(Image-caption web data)
= = = = = = =

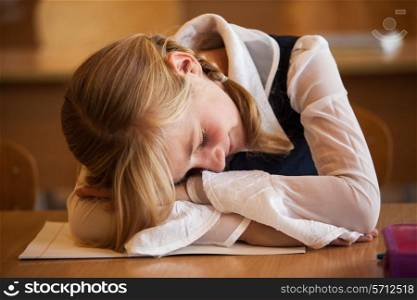 School Girl is sleeping on the desk at the boring lesson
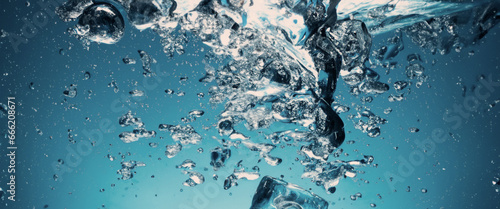 Water splashing and ice cube. Ice splashing into a glass of water. Underwater pouring ice cubes falling into clear watering background. Refreshing chill drinking. Ices in a glass with blue background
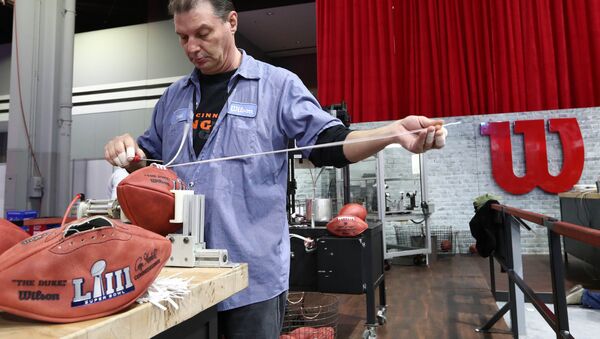 Wilson employee Brad Hanna works on lacing a Super Bowl LIII footballs during the NFL Experience at Georgia World Congress Center. - Sputnik International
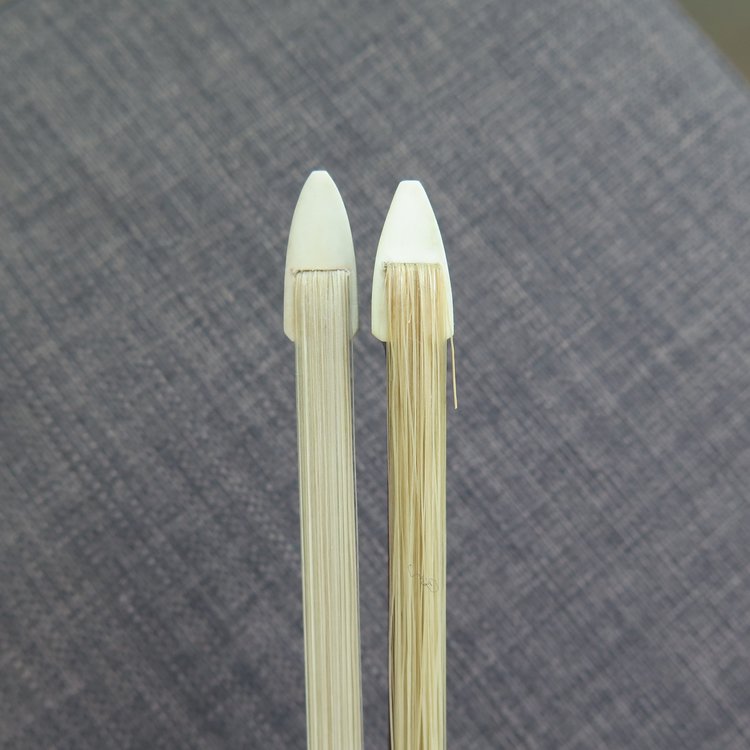 The bow hair on the left appears white in colour and has rosin, the bow on the right appears yellow and needs rosin. 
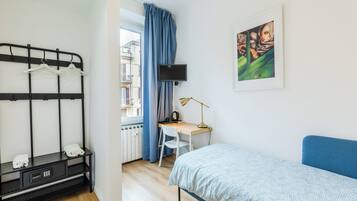 A bedroom with a bunk bed, a desk with a chair, a bed with a blue headboard, a TV on the wall, and a window with blue curtains.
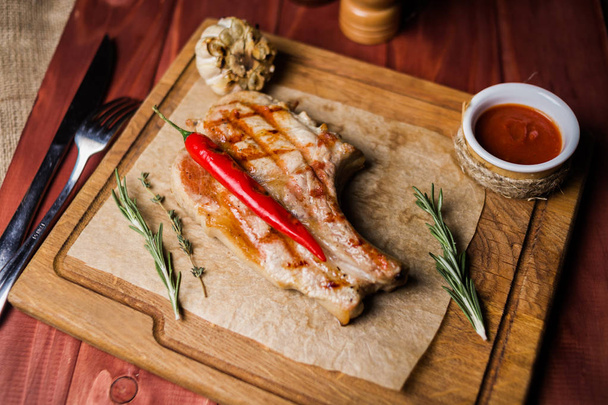 roasted beef rib with pepper and rosemary on wooden board - Photo, image
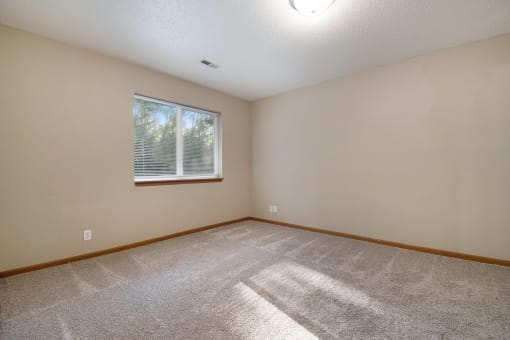 Omaha, NE Deerfield Apartments. An empty bedroom with a large window and beige walls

= = = = = = =

◆ Task to carry out: Render the records above word for word and leave the pictures out.

◆ Answer section:
 School Girl is sleeping on the desk at the boring lesson
 Water splashing and ice cube. Ice splashing into a glass of water. Underwater pouring ice cubes falling into clear watering background. Refreshing chill drinking. Ices in a glass with blue background
 Wilson employee Brad Hanna works on lacing a Super Bowl LIII footballs during the NFL Experience at Georgia World Congress Center. - Sputnik International
 The bow hair on the left appears white in colour and has rosin, the bow on the right appears yellow and needs rosin. 
 A bedroom with a bunk bed, a desk with a chair, a bed with a blue headboard, a TV on the wall, and a window with blue curtains.
 roasted beef rib with pepper and rosemary on wooden board - Photo, image
 Omaha, NE Deerfield Apartments. An empty bedroom with a large window and beige walls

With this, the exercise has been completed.